As we all know, though, context matters a whole lot. When are teams being productive on drives? In what situations? The three-and-outs I remember were still bothering me. So, just to get a glimpse, I looked at an extremely small – yet arguably 2013’s most critical – sample size: Week 17 in Chicago and the Wild Card game against the 49ers. I did this because Aaron Rodgers was back, Randall Cobb was back, Eddie Lacy was dinged up but still more than effective, and it was as close the defense was going to get to being healthy.
Against the Bears in that NFC North winner-take-all classic, the Packers had one three-and-out and one drive that ended in a punt after four plays. Other than two interceptions thrown in Chicago territory and an end-of-half kneel down, Green Bay not only was productive, but scored on every possession. And they likely would’ve came away with at least two field goal attempts without the interceptions. Considering the stakes or not, that’s pretty great, and not easily doable on the road. The Packers were 9-of-18 on third down and, of course, converted all three of those terrifying fourth downs.

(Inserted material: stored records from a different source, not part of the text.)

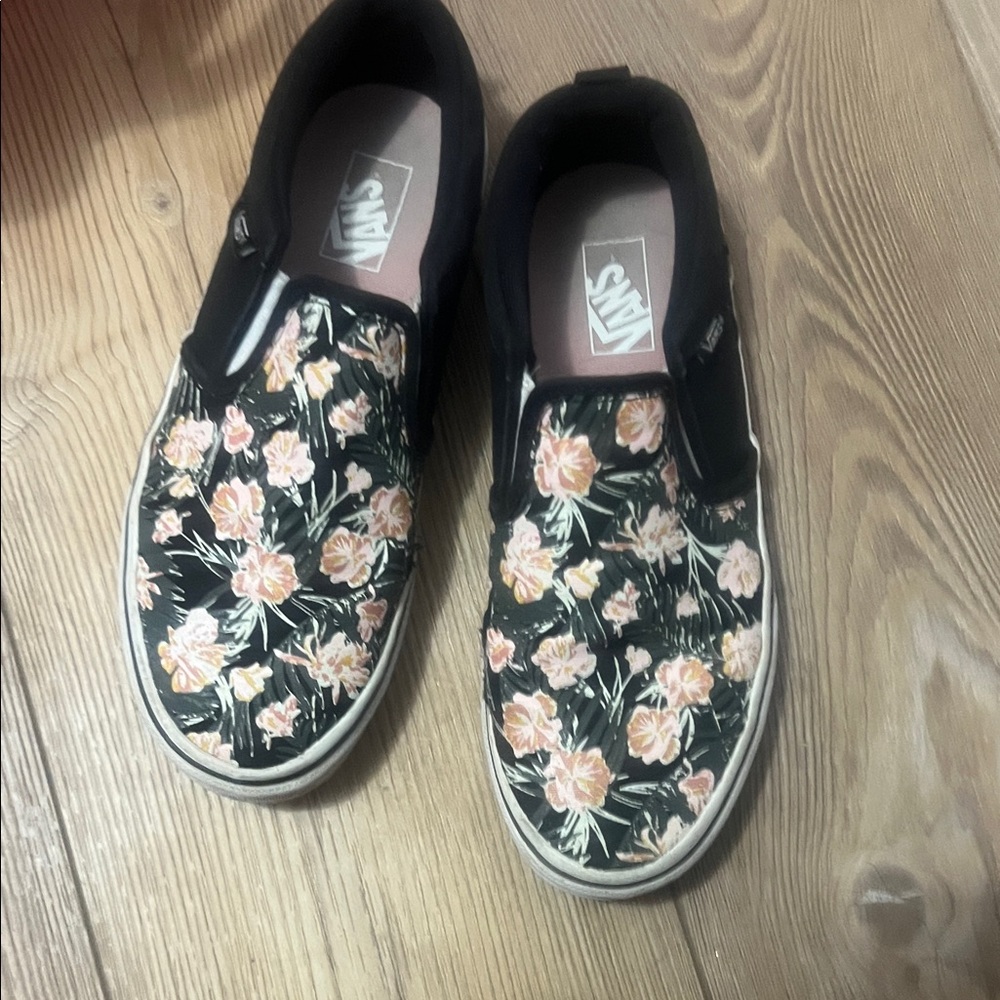 Vans Black Floral Slip-On Shoes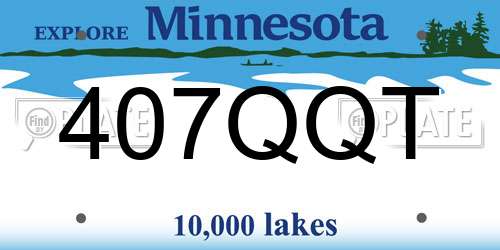 407QQT Minnesota License Plate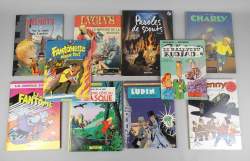 BD : lot de 10 BD dédicacées avec dessin dont : Magda , Van Linthout , Geron , De Moor , Delinx , Glogowski , Musquera.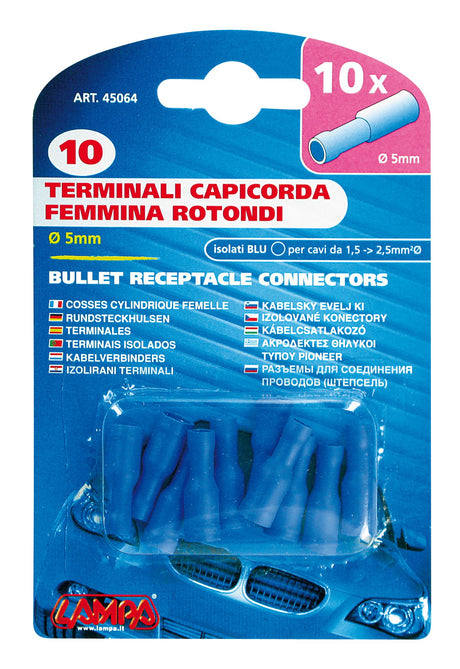 10 terminali - capicorda femmina rotondi - Blu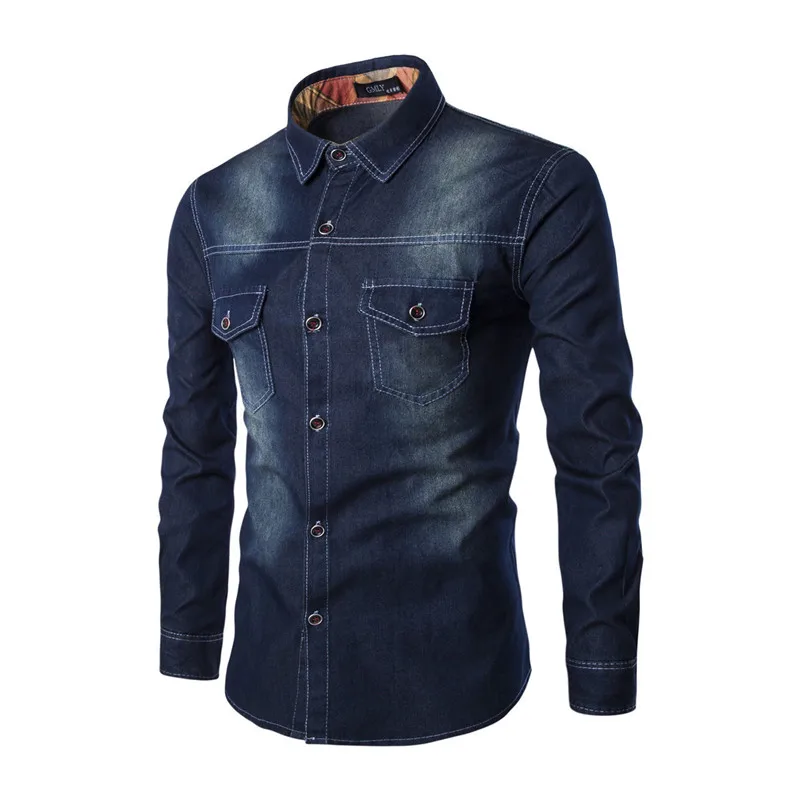 

Denim shirt autumn Men Chest double pocket slim Long-sleeved jean shirt mens Single-breasted Cardigan Plus size Brand clothing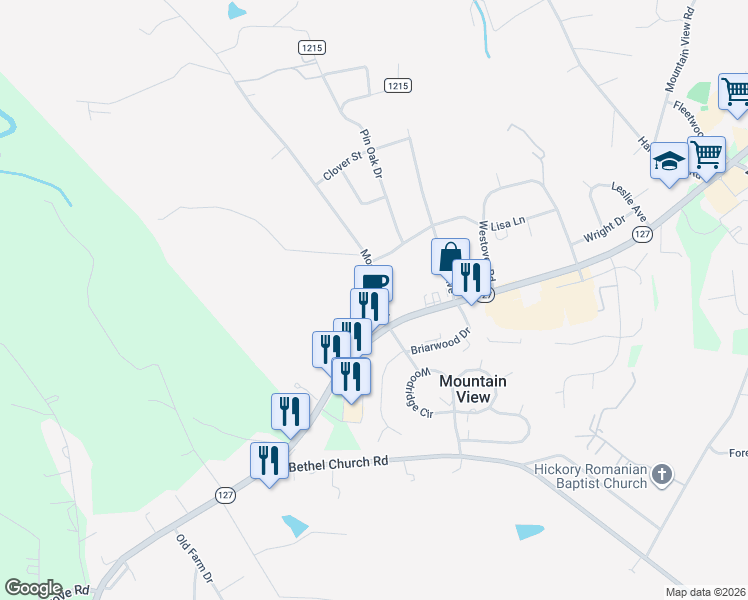 map of restaurants, bars, coffee shops, grocery stores, and more near 1993 Moss Farm Road in Hickory
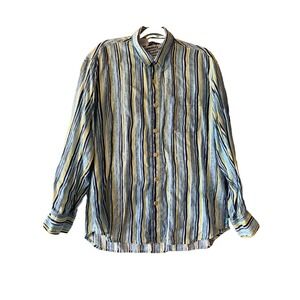 Tommy Bahama Shirt Men's Large Blue White Stripes Linen Pocket Long‎ Sleeve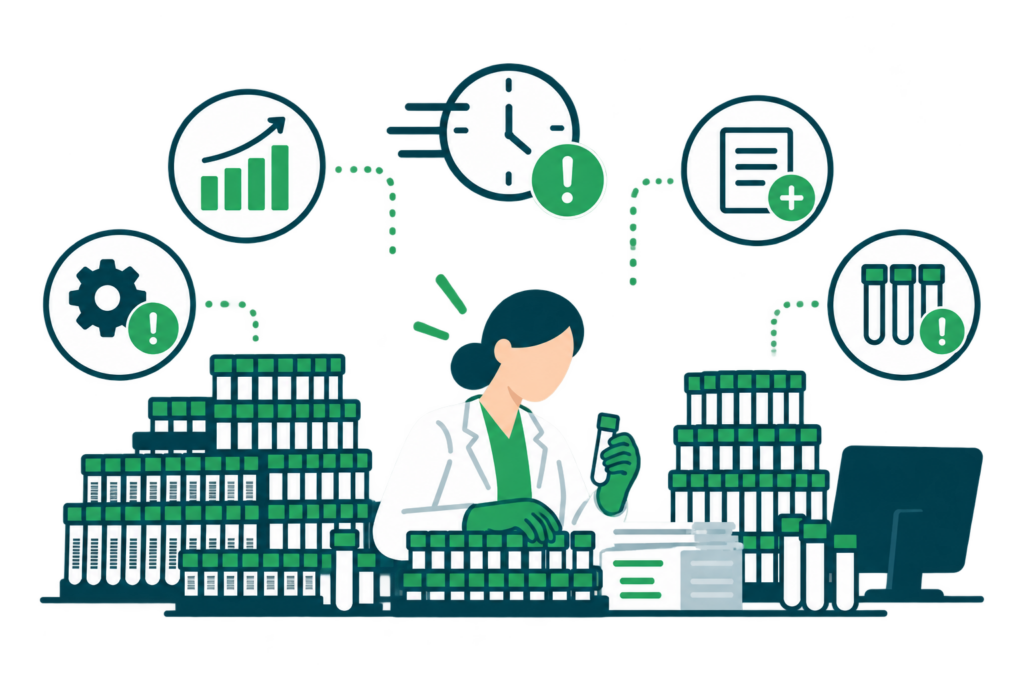 Hohes Probenaufkommen im Labor mit zahlreichen Probenröhrchen und digitaler Verarbeitung durch ein Laborinformationssystem für MVZ und Laborgemeinschaften.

It’s funny, because it’s probably the least-remembered of the fourth downs, but if John Kuhn wouldn’t have barely pounded ahead on fourth down from the Packers’ own 22, the game-winning drive would’ve ended essentially as a three-and-out.
Three-and-out drives were tracked for 2013 by SportingCharts.com. The Packers came in ninth-best in the league last year, going three-and-out on only 20.4 percent of their 186 drives.
(The Chargers led the league, only going three-and-out on 13.8 percent of 167 drives. The truly ridiculous number, however, comes from second-best Denver, which went three-and-out on 15.4 percent of their 202 total drives.)
I don’t know why I expected to see a larger percentage next to the Packers, but I did, which only speaks to the mind’s eye not always being the most effective tool to judge these things on. Or maybe it’s just mine.
But as Jordy Nelson says, that first first down is just so critical for the Packers in getting tempo established. For this offense it might not be the number of three-and-outs we should be watching, but when they happen. For this I don’t have numbers, but: If you ever remember Green Bay appearing awkward and disjointed offensively, if you ever think to yourself or out loud, how can this unit with all these weapons look so weirdly out-of-sync, I’d bet many of those times come during the first series of a drive.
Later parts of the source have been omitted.